I noticed something else happened when I began to run more. I was fast(ish). I knew that if I raced, I would probably do well. But, I didn’t want to race because it cost money, and I knew that I would have to train properly—and fuel properly. Besides, any decent training program would include some tapering, and that was out of the question. So I just ran.

I ran through negative temperatures and the oppressive NYC summer humidity. I ran through aches, pains, and screams from my body, begging me to stop. I ignored signs of injury, exhaustion, malnutrition, and dehydration. I told myself I was stronger than that. I ignored the concern of my coworkers and roommates. If I just kept running I figured maybe I would finally get somewhere.

The day before my 27th birthday I went for a celebratory run. Armed only with my iPod Nano and my apartment key, I set out for 13 miles. Around mile eight, my knee started to hurt (spoiler alert, it was IT band syndrome), and every stride was excruciating. By mile 10, I knew my run was over, but I was still three miles from home. I had no money for a cab and I had left my MetroCard at home. My only choice was to walk, which at the time felt like failure. And then, if on cue, it started to rain. I returned home drenched, in pain, and completely defeated. There was nothing to do but cry.

So after 99 of the longest minutes of my life on the elliptical, I met my brother at the theater. Halfway through the movie I had to go outside because I couldn’t breathe. I bought an apple from a cart on the street because it was the only thing I felt ok to eat. I went back to the theater and told my brother I was fine, but I wasn’t.

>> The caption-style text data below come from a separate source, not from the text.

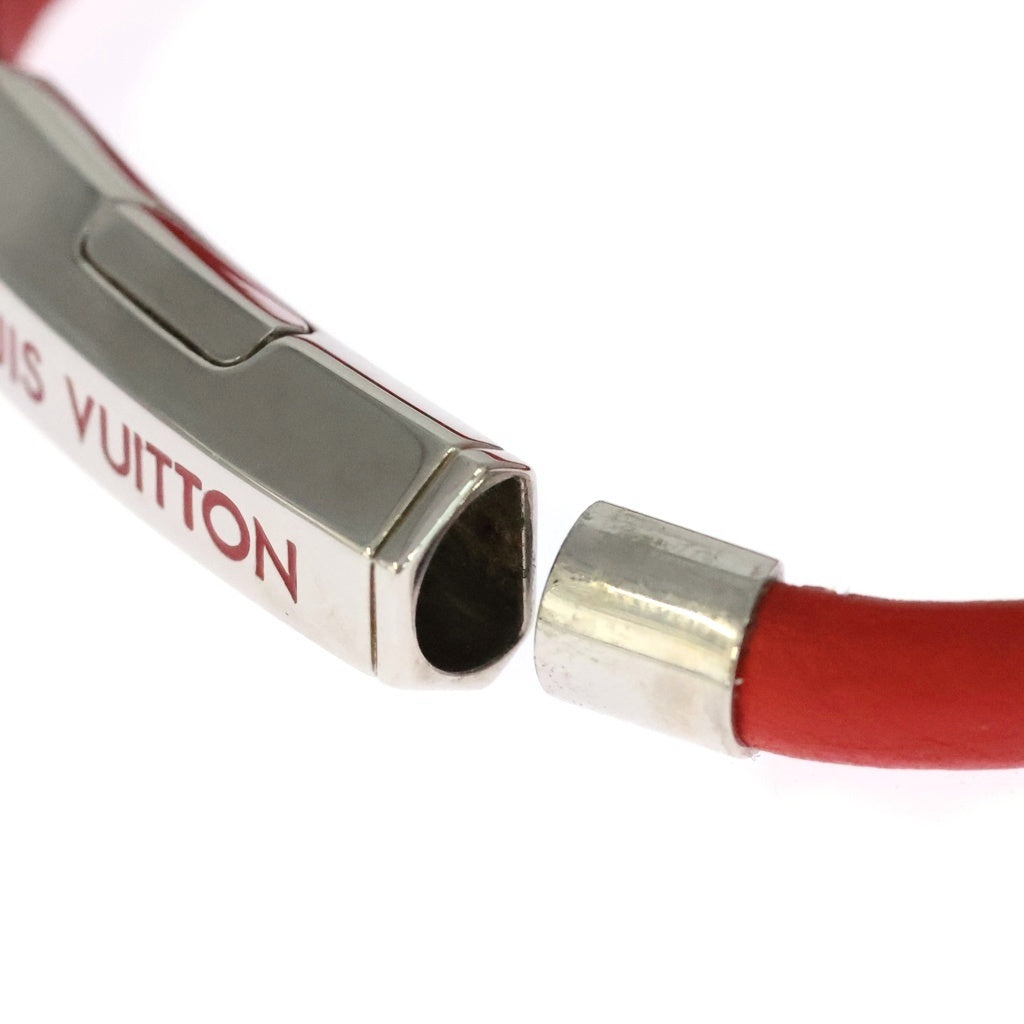 LOUIS VUITTON(ルイヴィトン) ロゴデザイン クリップイット ブレスレット レッド M8120 レディース
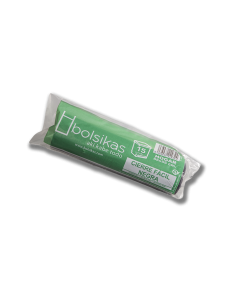 Bolsa Basura Hogar Negra Cierre Facil 55x55cm G-90 60/15u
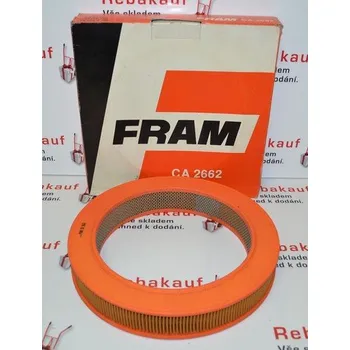 Vzduchový filtr Vzduchový filtr AUDI 100 C1 C2 , 80 , SUPER 90 (AUDI 059129620 AUDI 89214606200 FRAM CA2662)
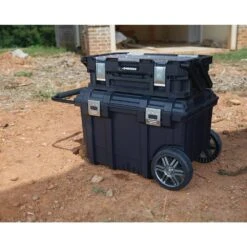 Husky 26 In. Connect Rolling Tool Box Black -Husky Shop black husky modular tool storage systems 228224 fa 1000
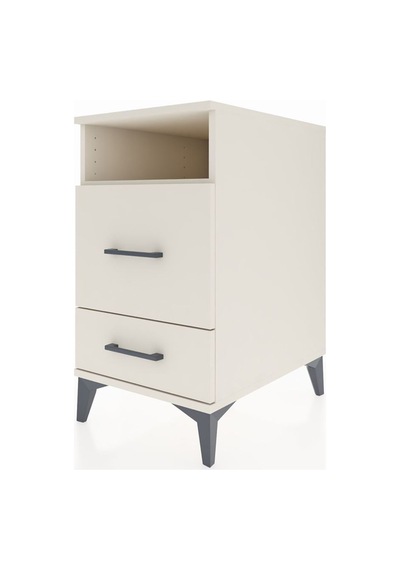 Kronos Komodin Tek Raflı 2 Çekmeceli 44x59x80 Aytaşı-aytaşı Aytası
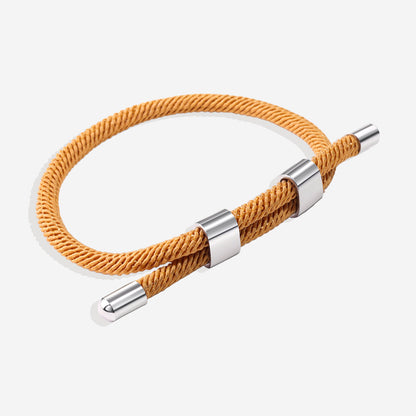 Bracelet réglable en corde à double boucle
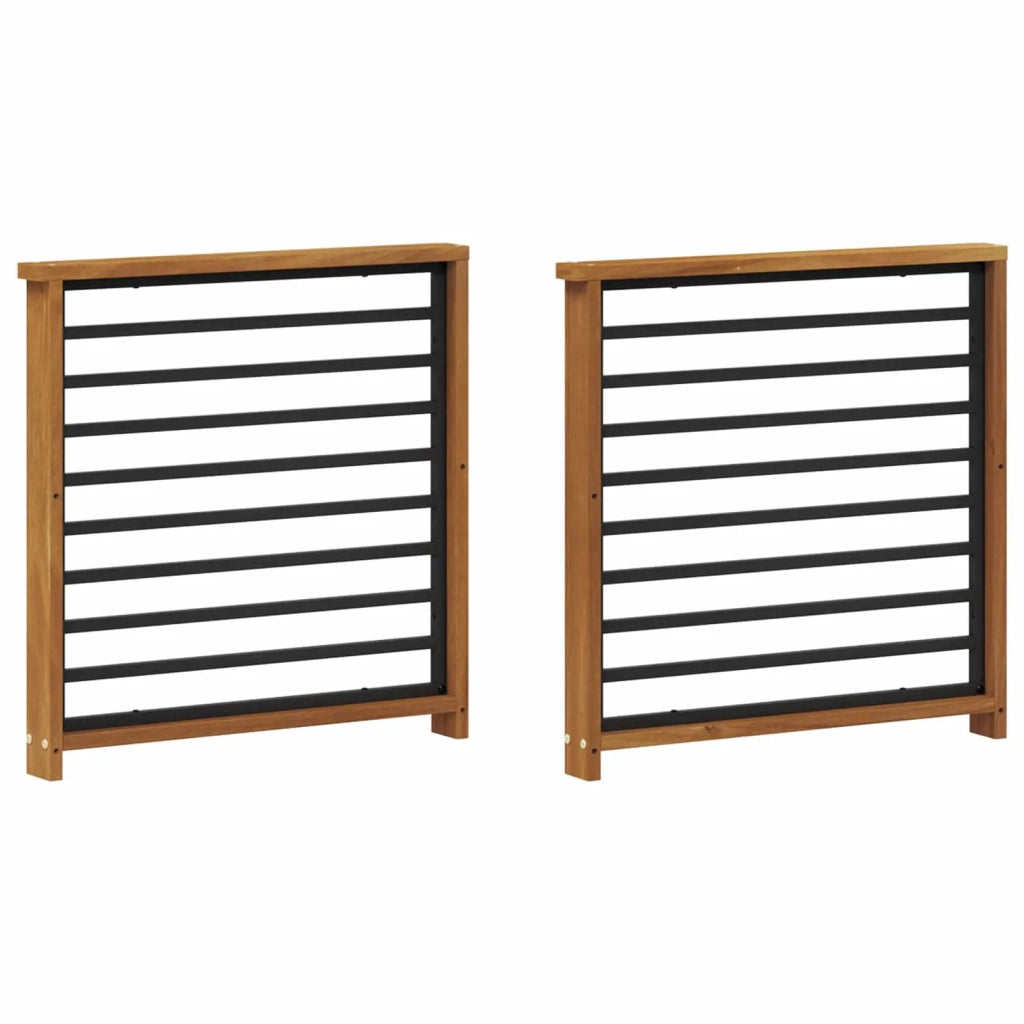 Bracciolo 2 pcs Naturale 60 x 6 x 61 cm 900523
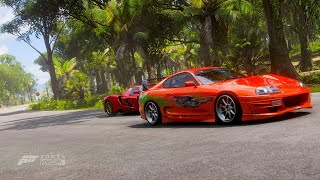 Supra mk4 vs Supra mk5 Highway Race challenge ft maalbro shorts short [upl. by Laniger654]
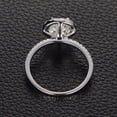 thumbnail image 2 of Limited Time Sale Half carat Antique design Halo Round Engagement Ring in 10k White Gold for Women, 2 of 3
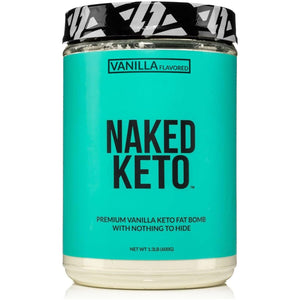 Naked Vanilla Keto - Gluten-Free Keto Bomb Vanilla Mct Oil Powder with No Gmos - 1.3 Lb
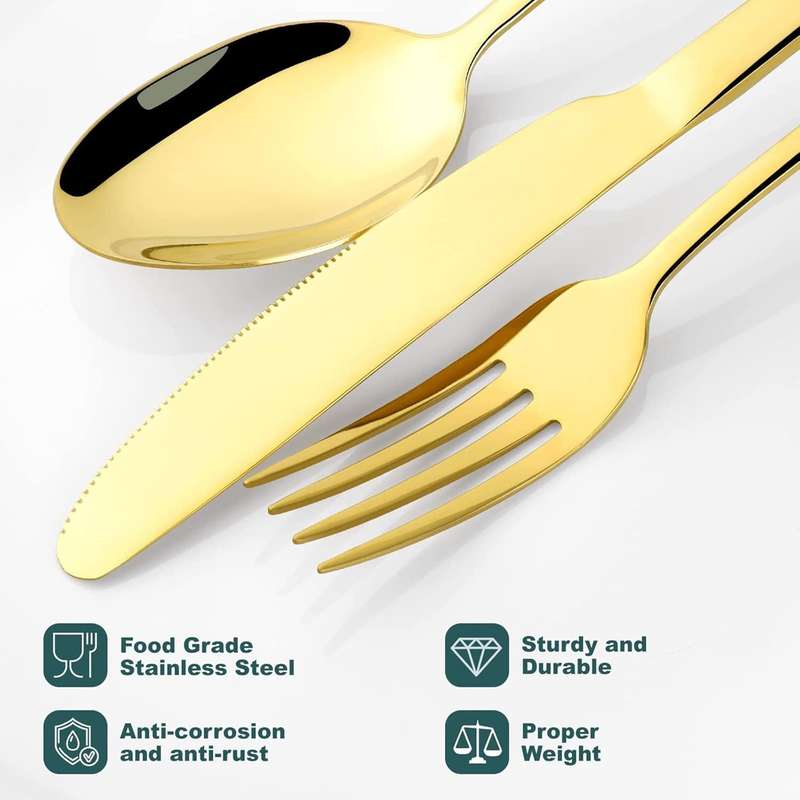 Kithi Group Storage Box & 24-Piece Cutlery Set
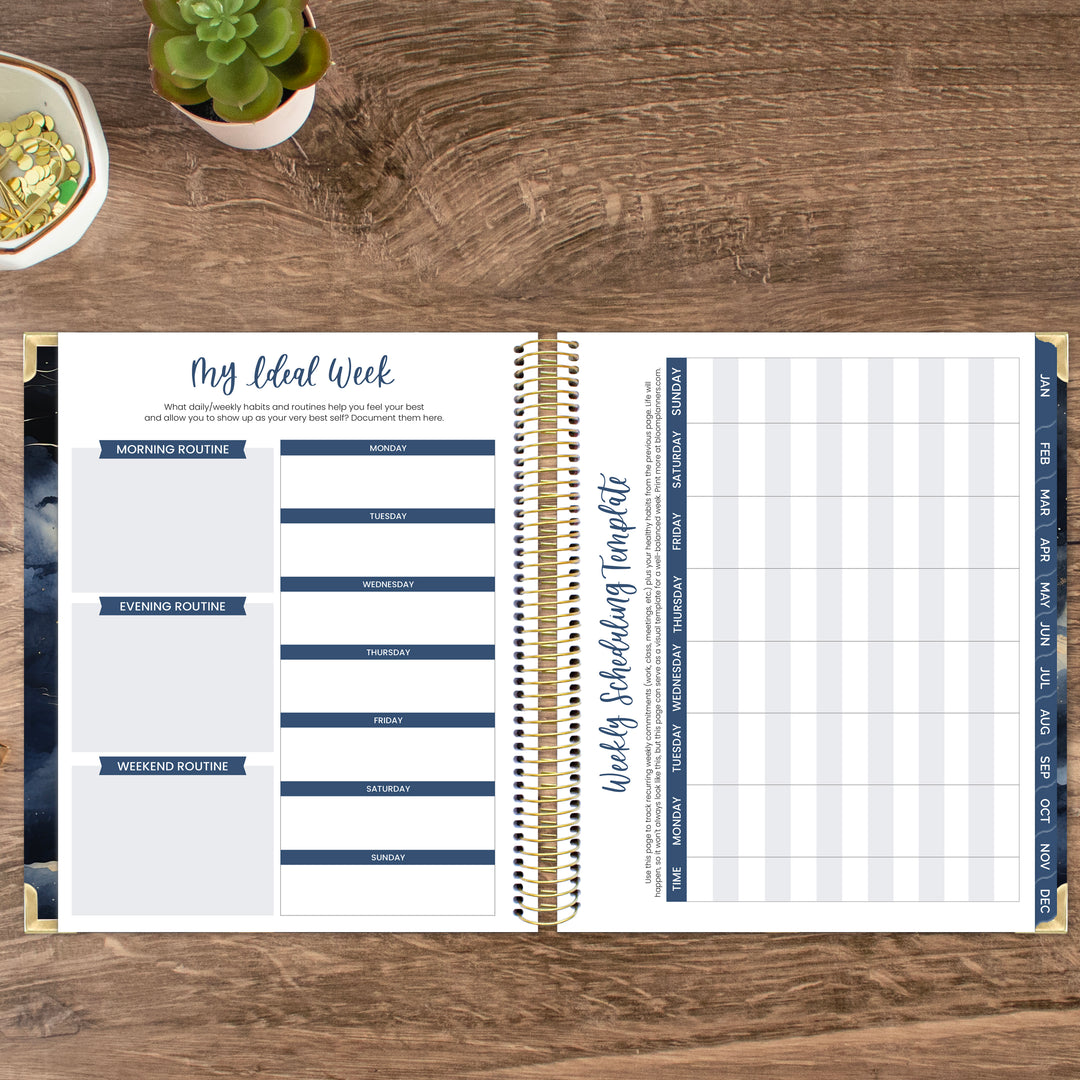 2026 Vision Planner, 7.5" x 9", Midnight Sky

When I got home that night I thought I was going to die. I could feel my heart shutting down and I had to make a decision: Did I want to continue like this and end up in the hospital or dead, or did I want to live? I thought about what I loved, what gave me joy, and the only thing I could think about was running. I decided that night that if I wanted to run then I needed to live. And if I wanted to run and live then I needed to eat. I decided then that if I was going to keep living to run then I was going to see what I could do when I set goals.

On July 25, 2011, sometime around 10 p.m. I decided that running was worth living for.

Since then, I’ve run countless half marathons (I even won one!), 10Ks, trail races, and Ragnar Relays. I started to set my sights on the Boston Marathon. My dad is a native Bostonian and when I chose running, we started talking about how, when I ran the Boston Marathon he’d come with me. Marathon Monday was always one of his favorite days of the year.

I qualified for the Boston marathon on my home turf in Los Angeles on Valentine’s Day, 2016, and, though I had moved to Northern California in 2012, I made a triumphant return to New York to run the NYC Marathon in November, 2016.

On April 17, 2017, I ran the Boston Marathon. As soon as I made it to the top of Heartbreak Hill, I spotted my dad. I was exhausted, but a rush of adrenaline ran through me, and I sprinted to him and gave him the biggest hug I could muster. In that moment, I had never felt more alive. My heart had never felt so full or so strong, and I knew I had made the right choice.

Every run—and especially every race—teaches me something new. Boston wasn’t a perfect race, far from it. But it was perfect for what I needed that day. Running takes patience, adaptability, and resilience. There have been times (more than I’d like) that I have been injured, and so I have to seek the solace I find from running elsewhere.

That discipline and pursuit has allowed me to be better at everything I do. It’s changed the way I approach challenges and opportunities. It’s taught me to be grateful for what I have. It’s taught me how to live.